Tuesday 19 April 2011

BONDSTER


Have a laugh!! – S&P threat to downgrade U S national debt.

            

1)   Rating agency Standard & Poor issued a negative outlook on April 18, 2011 on U S Government debt that made headlines around
the world.
But wait who is S&P kidding?  Have S&P analysts forgotten one fundamental fact? Only the U S government can ever print Greenbacks! No other nation can do so, certainly not legal $ tender. Apply that simple logic. Therefore national government ratings for domestic currency borrowings will always be Triple A plus. All other ratings, will be lower in the pecking order.
It is a different matter if the U S sovereign borrowings are in Euro or in Yuan or in other currency. A down grade would have been perfectly in order, because, the U S would neither be able to earn in these currencies or service debt in these currencies without export earnings or capital account flows. So in Euro or in Yuan or for that matter in any other world currency U S sovereign rating will not be Triple A plus. It could be far lower. The reverse is also true.
In August of 1971when President Richard Nixon unilaterally abrogated the gold standard. It was a sovereign default. S&P came into existence in 1860 and the the first sovereign credit rating of the U S was in 1916.But there were no rating surveillance in 1971. Instead the greenback became Eurodollars!      

2)   U S external and internal debts are denominated in $. So the US government can afford more monetization of its debt with little or no increase in taxes. U S Federal debt is currently 93 per cent of the GDP. Japan is 210 per cent. Japan continues to remain AAA.
U S has a tax to GDP ratio of just 9.5 per cent, which is the same as that of India. Even tiny Madagascar, riled by the global media, has ratios higher than the U S at 13 per cent. Yet S&P rating on Madagascar is "B" five notches below investment grade. So will S&P bring the U S sovereign below Madagascar?

3)   Dollar devaluation ploys
The threat to review rating appears to be to clearly motivated to deflate the value of the $ and a follow up to more quantitative expansions. A $ sell off by the rest of the rest of the world, China, Japan would automatically result in pushing the value of the $ or strengthening the Yuan and the Yen. Neither of these steps is likely to happen, since all of China's, Japan's and for that matter the rest of the world's exports are invoiced in greenbacks. So the $'s supremacy is not likely to be challenged in the foreseeable future.

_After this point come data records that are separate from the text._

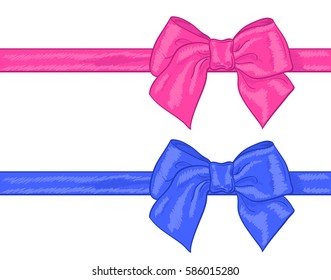 pink and blue bow ribbon set on white. vector illustration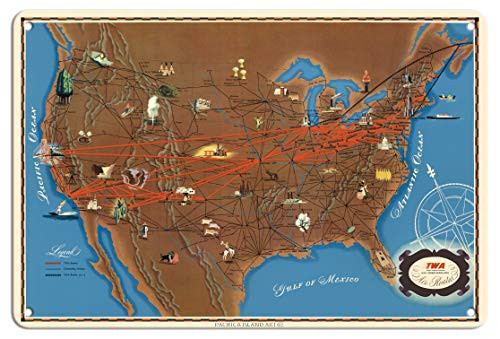 Pacifica Island Art United States Air Routes Map - TWA Trans World Airlines - Vintage Airline Travel Poster c.1948-8in x 12in Vintage Metal Tin Sign Pacifica Island Art United States Air Routes Map - TWA Trans World Airlines - Vintage Airline Travel Poster c.1948-8in x 12in Vintage Metal Tin Sign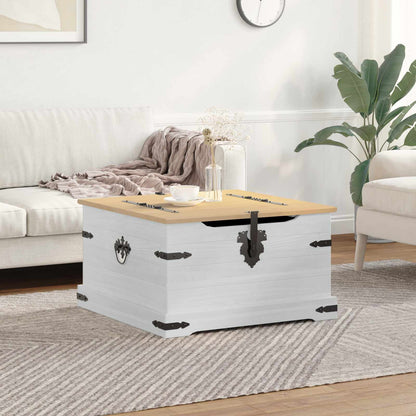 Soffbord Vit med hylla 78 x 78 x 45 cm Massiv furu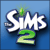 Pixelated static icon featuring stylized text 'Sims 2' with green accents on a blue gradient background, rendered in low-resolution pixel art style.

4)   S&P steps : Credit Rating Agencies lack credibility and integrity.
Credibility: One year U S treasury yields remained at 0.24 per cent, one BPS below the Fed Funds Target rate. Five year debt is 2.09 per cent, 20 bps below what it was a month ago.  A rating drop would have normally scrambled bondsters to a sell off. So much for S&P's outlook on U S debt.

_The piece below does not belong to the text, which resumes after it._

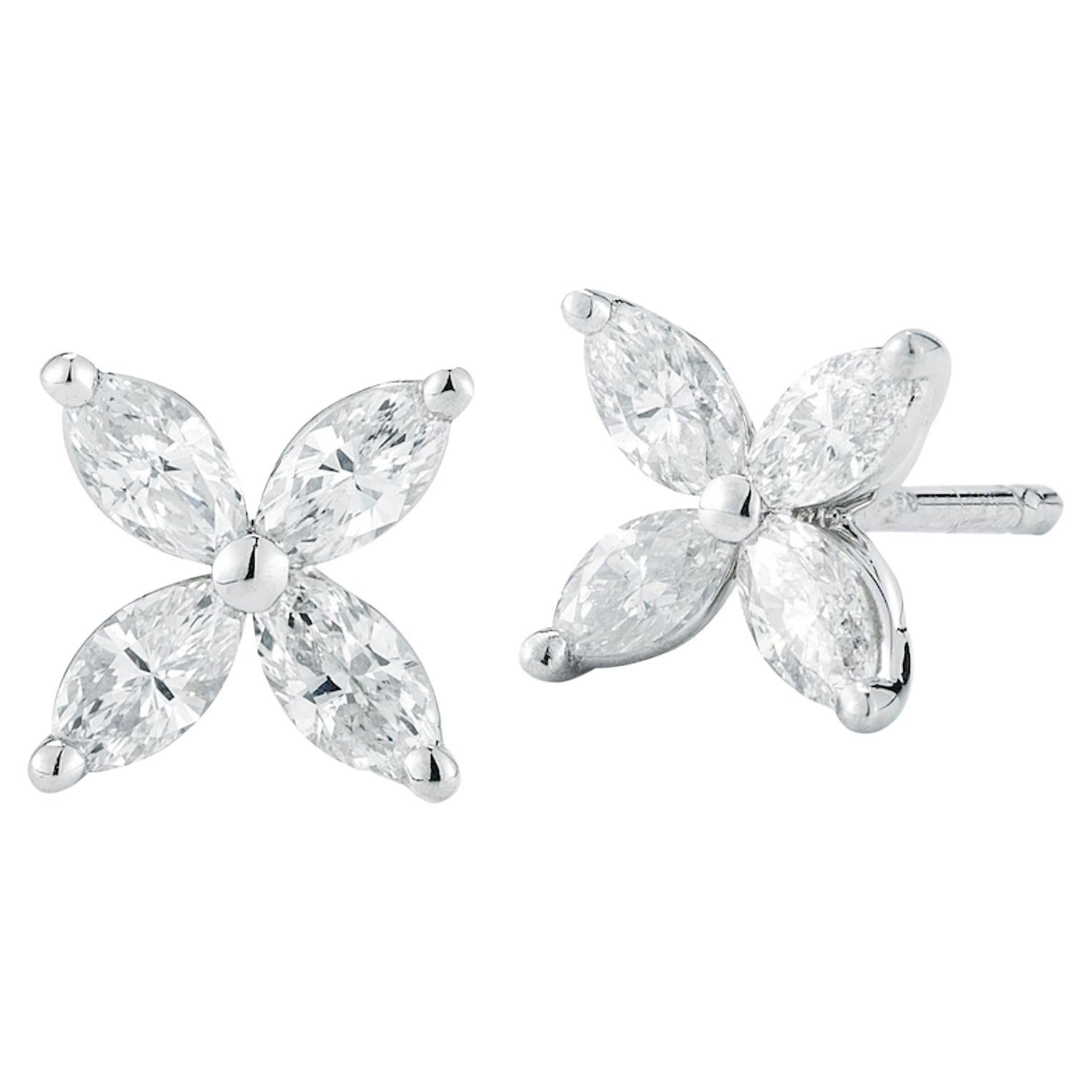 Rachel Koen Clous d'oreilles fleurs en or blanc 18 carats avec diamants taille marquise de 0,72 carat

                             
Besides there was no downgrade of AIG before the collapses began. It was only in September 2008, when AIG stuck with the Credit Default Swaps went almost belly up that rating agencies got together.  
Integrity:
And Citi, JP Morgan Chase, and Bank of America continue to be in A, AA and A categories respectively.  These institutions still have white washed toxic assets on their books. The combined toxic assets of the top 25 U S banks are $13 trillion. These assets range from dud mortgage backed securities, Collateralised Debt Obligations and Credit Default Swaps. So more bailouts, by way of Fed purchases of toxic assets appears likely, that will inevitable translate into QE3. There are no bailins by the share holders, instead all the top executives continue to draw fat bonuses. It is only the borrowers and home owner that have insolvency and despondency staring at them.

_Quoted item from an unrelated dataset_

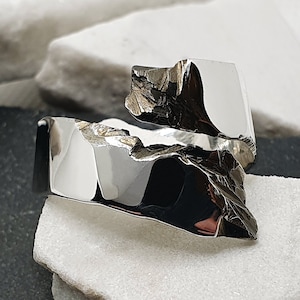 Freyja: Brutalist, Raw, Dark Beauty. Handmade 925 Sterling Silver Alternative Ring with Oxidised Blackened Stone Finish. Gift for Him / Her.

5)   Rating agencies have always benefitted from Regulatory Forbearance, lots of power without any accountability. Not to mention the billions of $ fees collected in Ponzi rating schemes for beguiling investors around the world. Time to downgrade the raters? Or is S&P also on the way to insolvency and is making an attempt to salvage reputation in an intensively savage ratings market? Or is internecine rating agencies' competition becoming a repeat of Coke vs Pepsi battles?